Emsal Mahkeme Kararı İstanbul 15. Asliye Ticaret Mahkemesi 2017/746 E. 2018/119 K. 13.02.2018 T.

Görüntülediğiniz mahkeme kararı kesinleşmiş bir karardır.

T.C. İSTANBUL 15. ASLİYE TİCARET MAHKEMESİ
ESAS NO : 2017/746 Esas
KARAR NO: 2018/119
DAVA : Alacak
DAVA TARİHİ: 29/12/2010
BİRLEŞEN İSTANBUL 50. ASLİYE TİCARET MAHKEMESİ’nin 2011/276 ESAS 2012/85 KARAR SAYILI DOSYASI
DAVA : Banka Teminat Mektubunun İadesi Ve Alacak
DAVA TARİHİ:24/08/2011
KARAR TARİHİ: 13/02/2018
Mahkememizde görülmekte olan Alacak davasının yapılan açık yargılaması sonunda,
GEREĞİ DÜŞÜNÜLDÜ
DAVA/Davacı vekili dava dilekçesinde özetle
Davacı vekili, müvekkili şirketin bayisi olan davalı şirkete 44.317,00 TL intifa bedeli, 252.433,00 TL inkişaf bedeli olmak üzere toplam 296.750,00 TL ödeme yaptığını, davalılardan …’in taşınmaz maliki olduğunu ve doğacak tüm borçlarının 200.000,00 TL’ye kadar ayrıca münferiden işlemiş ve işleyecek faizi, tazminatı ve sair fer’ileri ile birlikte nakden ve defaten ödemeyi taahhüt ettiğini, Rekabet Kurulu kararları gereğince intifa süresinin tamamının kullanılamadığını, cezai yaptırıma maruz kalmamak için müvekkili şirketçe terkinin gerçekleştirildiğini ileri sürerek, bakiye intifa süresi ve inkişaf bedeline, kıstelyenim usulü hesaplama sonucunda isabet eden 180.444,37 TL’nin KDV’si ile birlikte iktisap ettiği tarihten itibaren ayrıca söz konusu bedelin dava tarihine kadar davalılar yerinde kaldığı sürede bu iktisap sayesinde davalının elde ettiği tüm semerelerin karşılığı olarak da 267.513,93 TL’nin dava tarihinden itibaren değişen oranlarda avans faizi ve KDV’si ile birlikte davalı şirketten tahsiline, davalı … yönünden 200.000 TL ile sınırlı olmak üzere aleyhine hüküm tesis edilmesine karar verilmesini talep ve dava etmiştir.

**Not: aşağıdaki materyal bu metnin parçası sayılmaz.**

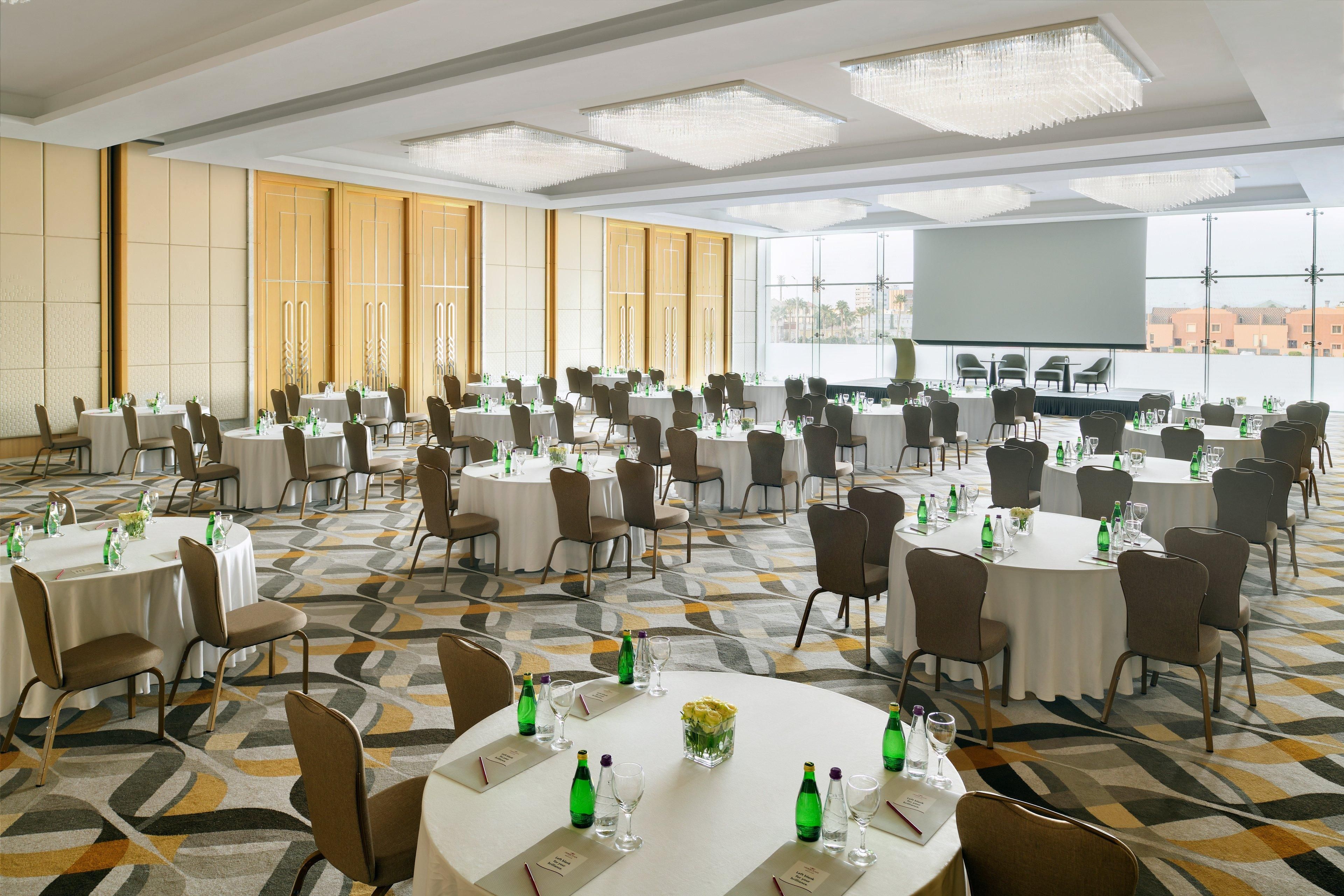 A large conference room with multiple round tables, chairs, and a large screen.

CEVAP/Davalılar vekili cevap dilekçesinde özetle;
Davalılar vekili, davacının yasal zorunluluğa uymadığını, Rekabet Kurumu tebliğinin yürürlükte olduğu 01.03.2005 tarihinde 15 yıl süreli intifa hakkı tesisini içeren sözleşmeyi akdetmek ve tapuda intifa hakkının tesisini gerçekleştirmek suretiyle kusurlu olduğunu, ayrıca geçiş dönemi içerisinde (yani 18.09.2005 tarihine kadar) yasaya uyumlu hale getirerek 5 yılla sınırlamadığını, kaldı ki davacının sebepsiz zenginleşmeye dayalı taleplerinin kanunun amir hükmü gereğince zamanaşımına uğradığını, müvekkile ödenen inkişaf bedelinin amacına uygun olarak kullanıldığını, dava konusu istasyonun malikinin de işleticisinin de … AŞ. olduğu için ödenen intifa ve inkişaf bedelinden …’in sorumlu tutulmasının mümkün olmadığını belirterek, davanın reddini istemiştir.

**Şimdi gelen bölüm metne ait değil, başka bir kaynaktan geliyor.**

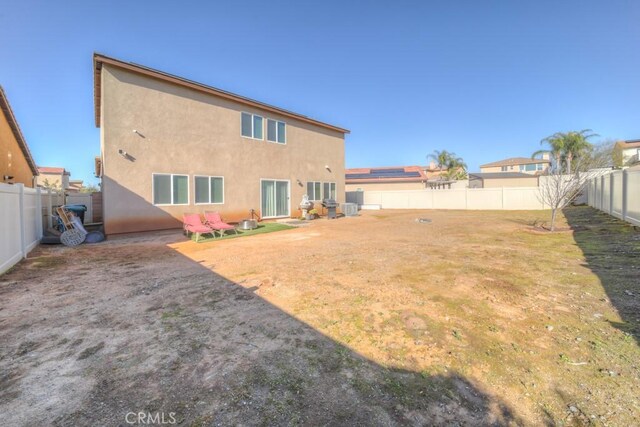 32593 Cumulus Ln, Winchester, CA 92596 - back of property with stucco siding and a fenced backyard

BİRLEŞEN İSTANBUL 50. ATM nin 2011/276-2012/85 K. DOSYASI
DAVA/Davacı vekili dava dilekçesinde özetle
Birleşen dava davacısı … AŞ. vekili ise, teminat mektuplarının iadesi ile faturaya bağlanmış bulunan 156.496,34 TL tutarındaki müvekkili şirket alacağından şimdilik 10.000 TL’lik kısmının ödenmesi gerektiği tarihten itibaren hesaplanacak reeskont faizi ile birlikte tahsilini talep ve dava etmiş, yargılama sırasında teminat mektuplarından birisinin süresi sona erdiği için hükümsüz olduğunu, 200.000 TL’lik diğer banka teminat mektubunun iadesine karar verilmesi gerektiğini, bu nedenle 400.000 TL üzerinden değil, 200.000 TL üzerinden eksik harcın ikmali gerektiğini belirtmiş, ayrıca 10.000 TL alacak talebini 156.495,84 TL olarak ıslah ederek harcını yatırmıştır.
CEVAP/Davalılar vekili cevap dilekçesinde özetle;
Birleşen dava davalısı …Petrol Ofisi AŞ. vekili, usulüne uygun ıslah bulunmadığını, birleşen davanın reddi gerektiğini savunmuştur.
DELİLLERİN DEĞERLENDİRİLMESİ VE GEREKÇE
Dava; İİK.nun 67. maddesi hükmüne dayalı olarak açılmış olup, yapılan ilamsız icra takibine karşı davalının vaki itirazının iptali ve icra inkar tazminatı ile sorumlu tutulması istemine ilişkindir.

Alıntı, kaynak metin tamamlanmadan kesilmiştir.